For teams: Claude Code supports spend limits at the account level. Set a per-developer monthly limit and get notified when approaching it. This prevents the "$1,200 surprise at the end of the month" situation.

Habit 7: Writing vague prompts that require multiple correction turns

This one is counterintuitive: being lazy in your prompts is expensive.

A vague prompt → Claude produces something close but wrong → you explain what's wrong → Claude corrects → you explain again → 4 turns to do what 1 precise prompt would have done.

Each correction turn costs input + output tokens. A 4-turn correction loop on a complex task easily costs 3× what a single precise prompt would have.

The fix: The Claude Code Prompting Guide covers this in depth, but the short version:

# Vague (expensive — requires corrections)
"Fix the auth bug"

# Precise (cheap — one turn)
"In app/api/auth/route.ts, the JWT verification fails when the token
contains an 'aud' claim. The error is 'invalid audience'. Fix this
by adding audience validation in the verifyToken function. The expected
audience is process.env.JWT_AUDIENCE."

More context upfront = fewer correction turns = lower cost.

The real cost breakdown by workflow type

Based on actual usage patterns:

Workflow	Good habits	Bad habits
Feature development (4h session)	$3–8	$15–40
Bug investigation	$1–3	$5–15
Large refactor (6h, subagents)	$10–20	$40–100
Code review session	$0.50–2	$3–8

The difference between good and bad habits is consistently 4–5×. Not 10% — 400%.

The optimization checklist

Run through this when starting a project or when your costs feel high:

CLAUDE.md audit:

Under 200 lines total
No long examples (link to files instead)
Only rules Claude needs on every turn

Per-session habits:

Default to Sonnet, switch to Opus selectively
Start at /effort medium, escalate only for hard problems
Run /compact when context grows large
Use /cost to track spend during long sessions
Start new sessions for new tasks

Prompt quality:

Include file paths and function names when relevant
Describe the error message exactly, not "it's broken"
State what you've already tried to avoid repeated approaches

Subagent discipline:

Only use ultracode for tasks that are genuinely parallel
Reset to medium after ultracode sessions
Don't use subagents for tasks with sequential dependencies

Plan selection guide

If you're on the Pro plan ($20) and hitting rate limits daily → Max 5× ($100) is the right step up. Pro rate limits are tight for heavy users.

If you're on Max 5× ($100) and still hitting limits → look at your habits first before upgrading to Max 20×. Habits 1–7 above often fix the rate limit problem without needing to upgrade.

If you're using the API directly and costs are unpredictable → your per-session cost is driven entirely by context size and effort level. Habits 4, 5, and 6 have the highest impact here.
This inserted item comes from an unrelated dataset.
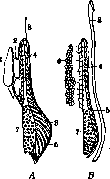 Urogenital Organs: figure 4 from the 1928–1936 encyclopedia article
For teams: per-developer spend of $150–250/month is typical for heavy Claude Code users with good habits. Over $400/developer/month suggests habit issues worth investigating.

Quick wins you can do right now

Trim your CLAUDE.md — delete anything over 200 lines
Check your default model — switch from Opus to Sonnet if you're using Opus for everything
Run /cost at the end of your next session — the number is informative
Start a new session for your next task instead of continuing from yesterday

These four take under 10 minutes and typically cut costs 30–50% immediately.